Торвард сел, и старуха, ворча и охая, хватаясь за негнущуюся спину, опустилась рядом.
– Что тебе от меня нужно? – спросил Торвард.
– Я хочу, чтобы ты помог мне, – ответила она. Даже обращаясь к нему, старуха не поднимала глаз, и он почти не видел ее лица, только коричневый подбородок с двумя черными бородавками и седые космы, висящие из-под покрывала.
– Какая же беда с тобой приключилась? – размеренно, словно рассказывал сагу, спросил Торвард.
Будучи с детства приучен к обрядам, он сразу угадал, что обряд уже начался, и готов был выполнить все необходимое.

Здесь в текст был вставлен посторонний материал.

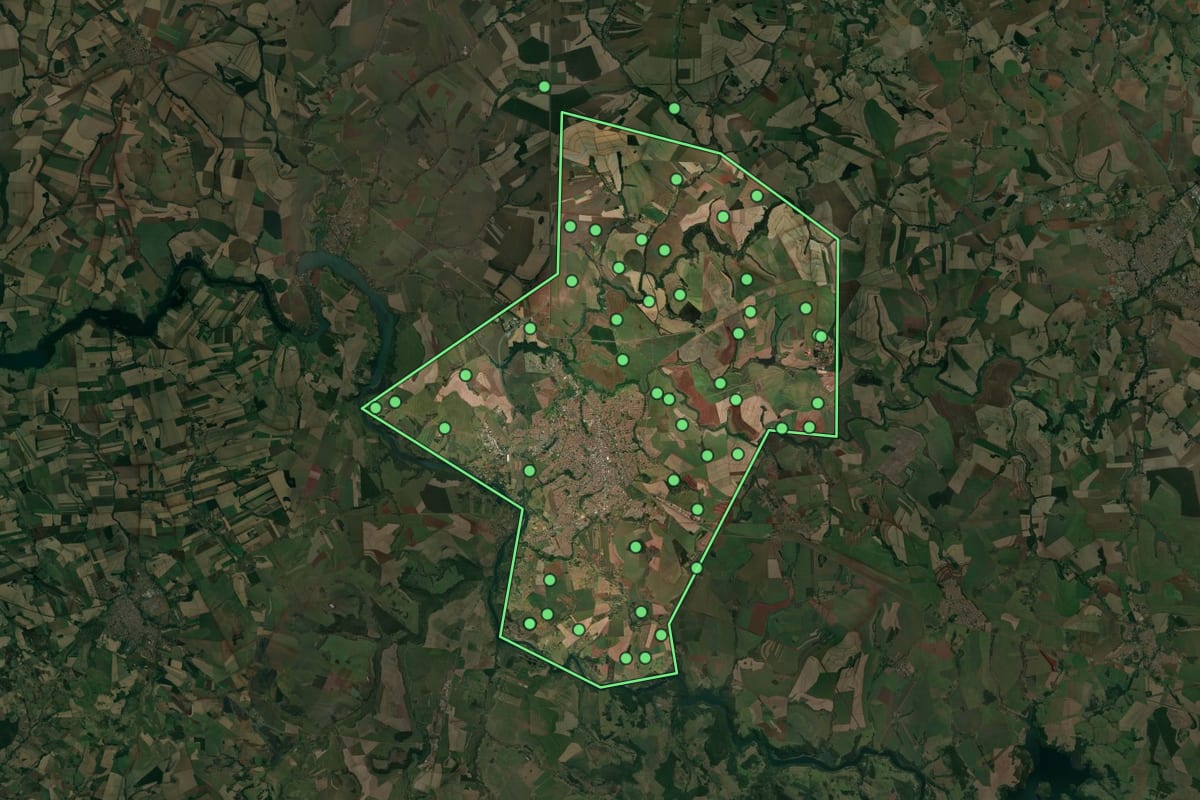 Imagem de satélite de Ourinhos (SP), com o contorno do município e a posição dos imóveis desta página.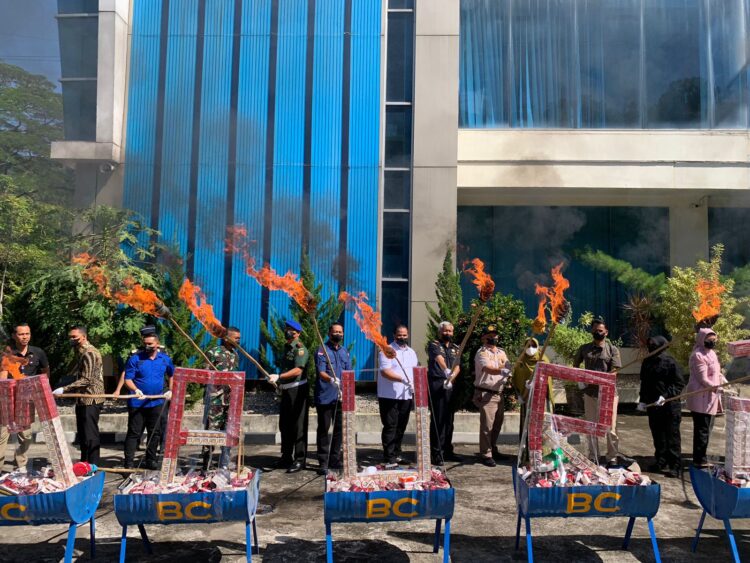 Bea Cukai Teluk Bayur Musnahkan 12,4 Juta Batang Rokok Ilegal, Potensi Kerugian Negara Rp 11,6 Miliar 1 45f01a28 9706 45ef bd84 e0281e1aead6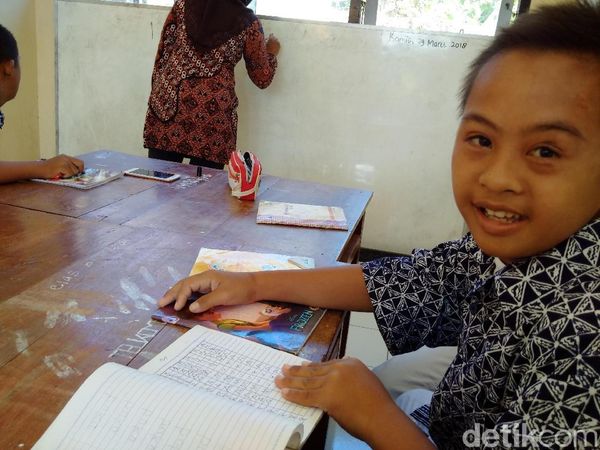 Wahyu Siswa SLB Tangguh dari Kulon Progo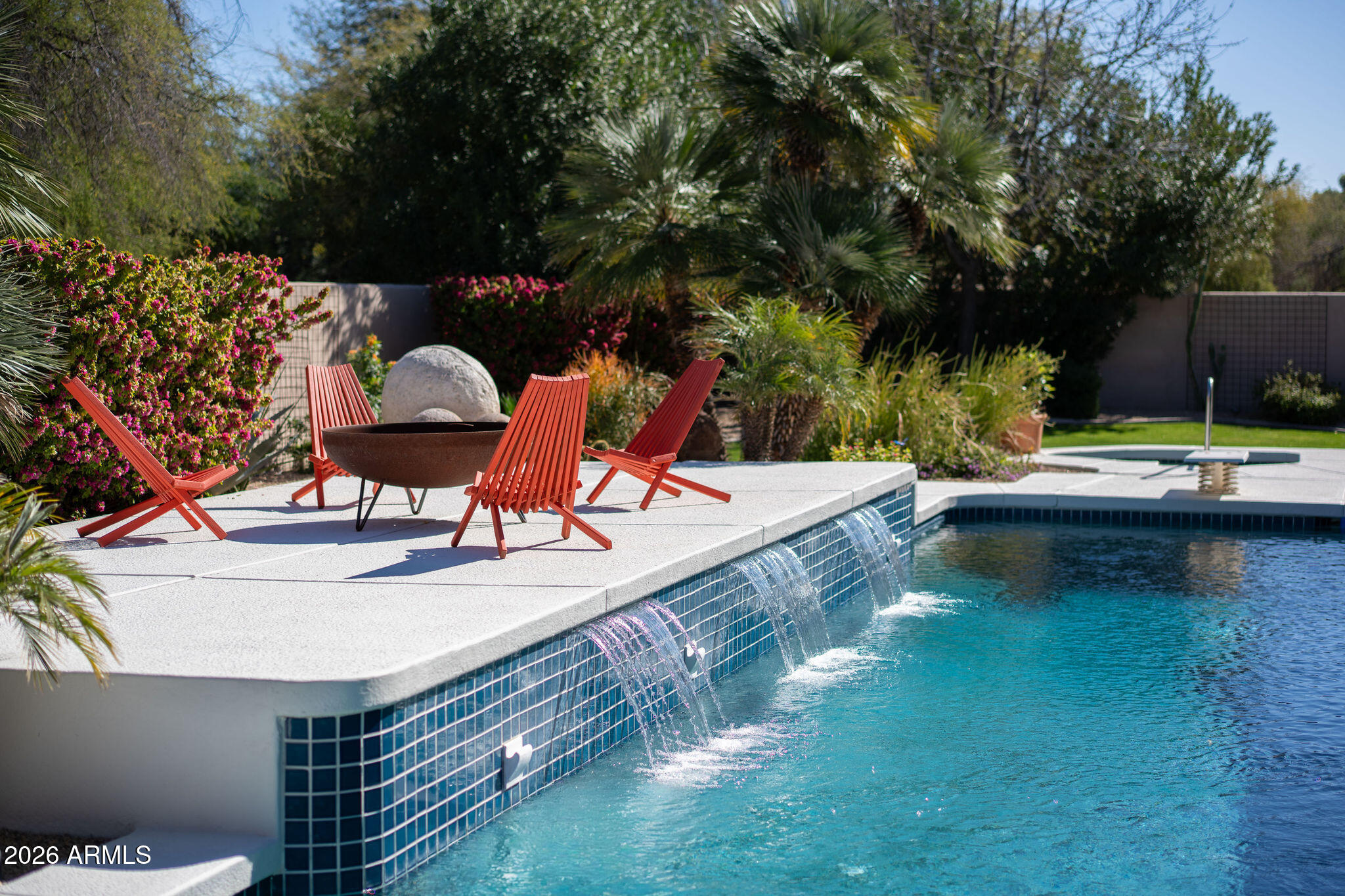 7124 E FOOTHILL Drive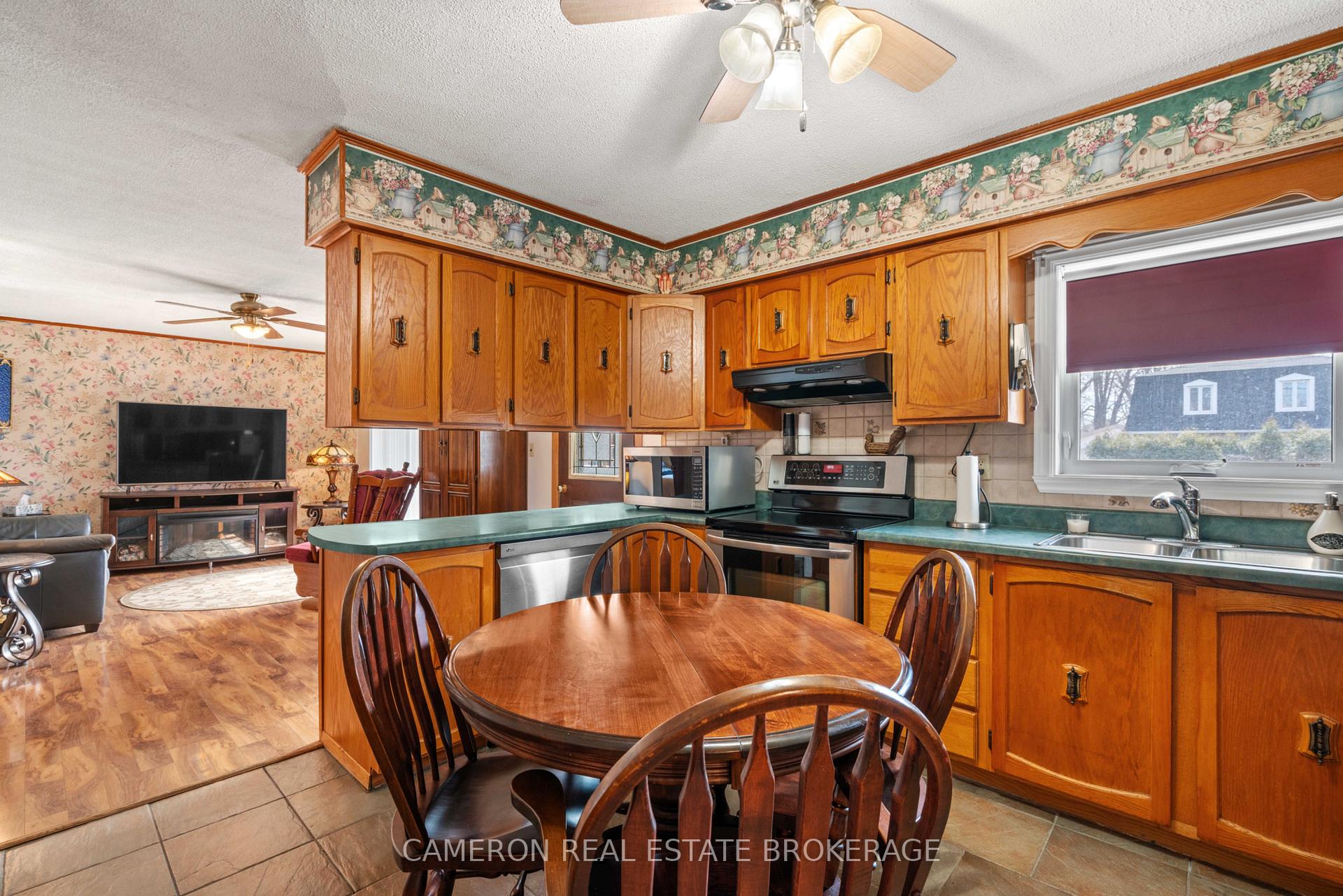 Photo 6 of 113 Emma Avenue, Cornwall — HOMEH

– Наложено на меня заклятье, что будут меня мучить болезни и угнетать старость, а земля острова Фидхенн останется мертвой и бесплодной, пока не придет сильный человек, который разрушит чары.
– Не знаю, хватит ли у меня сил, чтобы тебе помочь, но я готов попытаться, – Торвард уверенно повторял слова, которые еще в детстве слышал в сказаниях. – Что для этого нужно сделать?
– Для этого ты должен стать моим супругом и разделить со мной ложе этой ночью.
Торвард был ко многому готов, но не к этому. Поперхнувшись, он едва не рассмеялся. Он вообще-то предполагал, что его пошлют убивать какое-нибудь чудовище: скорее всего, ряженое, но можно и настоящее. Медведя или быка, например, такие обряды в разных местах есть.
– Ничего себе предложеньице! – вырвалось у него, хотя эти слова явно не годились для обряда. Не зря ему еще днем почудилось, что эта карга рассматривает его слишком уж женским взглядом.
– Я знаю, вид мой отвратителен для глаз, а голос неприятен для слуха, – продолжала старуха, пошевелившись на своем месте. – Но ведь не всегда я была такой! И мои щеки были румяны и гладки, как цветок шиповника среди камней летней порой, и мои волосы блистали, как золото, и красота моя служила украшением солнечного покоя. Мое имя было не Кальях, а звалась я Рианун, Королева Юности. И пока не снято мое заклятье, не будет на земле Фидхенн мира и изобилия. Я дам напиток, что поможет тебе одолеть отвращение.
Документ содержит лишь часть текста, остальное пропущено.